> **Aim of the task**
Nothing but the text of the listing, repeated exactly, belongs in the answer; leave the images out.

> **Source material**
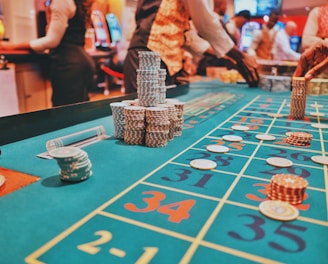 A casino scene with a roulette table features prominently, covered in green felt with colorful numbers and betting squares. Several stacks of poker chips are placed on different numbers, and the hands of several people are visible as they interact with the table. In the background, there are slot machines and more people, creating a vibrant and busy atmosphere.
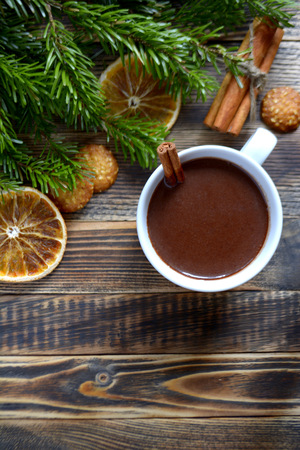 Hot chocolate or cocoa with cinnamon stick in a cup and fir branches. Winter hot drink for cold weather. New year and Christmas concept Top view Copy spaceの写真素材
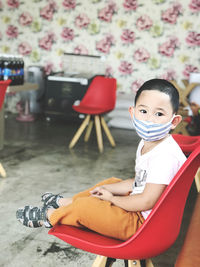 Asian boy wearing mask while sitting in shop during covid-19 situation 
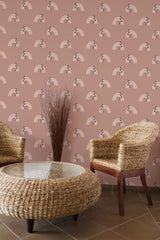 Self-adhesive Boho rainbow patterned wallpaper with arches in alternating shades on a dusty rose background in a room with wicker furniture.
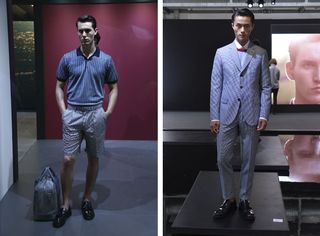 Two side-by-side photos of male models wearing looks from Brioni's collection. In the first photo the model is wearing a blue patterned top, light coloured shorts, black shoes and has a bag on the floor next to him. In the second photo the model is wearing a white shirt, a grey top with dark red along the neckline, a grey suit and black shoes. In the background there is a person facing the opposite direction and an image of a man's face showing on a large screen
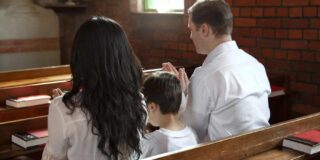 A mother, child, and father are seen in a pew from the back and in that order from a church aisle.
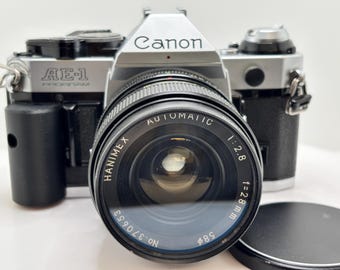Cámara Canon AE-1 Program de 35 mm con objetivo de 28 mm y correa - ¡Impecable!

> **Exercise response**
 A casino scene with a roulette table features prominently, covered in green felt with colorful numbers and betting squares. Several stacks of poker chips are placed on different numbers, and the hands of several people are visible as they interact with the table. In the background, there are slot machines and more people, creating a vibrant and busy atmosphere.
 Hot chocolate or cocoa with cinnamon stick in a cup and fir branches. Winter hot drink for cold weather. New year and Christmas concept Top view Copy spaceの写真素材
 Asian boy wearing mask while sitting in shop during covid-19 situation 
 Self-adhesive Boho rainbow patterned wallpaper with arches in alternating shades on a dusty rose background in a room with wicker furniture.
 Two side-by-side photos of male models wearing looks from Brioni's collection. In the first photo the model is wearing a blue patterned top, light coloured shorts, black shoes and has a bag on the floor next to him. In the second photo the model is wearing a white shirt, a grey top with dark red along the neckline, a grey suit and black shoes. In the background there is a person facing the opposite direction and an image of a man's face showing on a large screen
 A mother, child, and father are seen in a pew from the back and in that order from a church aisle.
Cámara Canon AE-1 Program de 35 mm con objetivo de 28 mm y correa - ¡Impecable!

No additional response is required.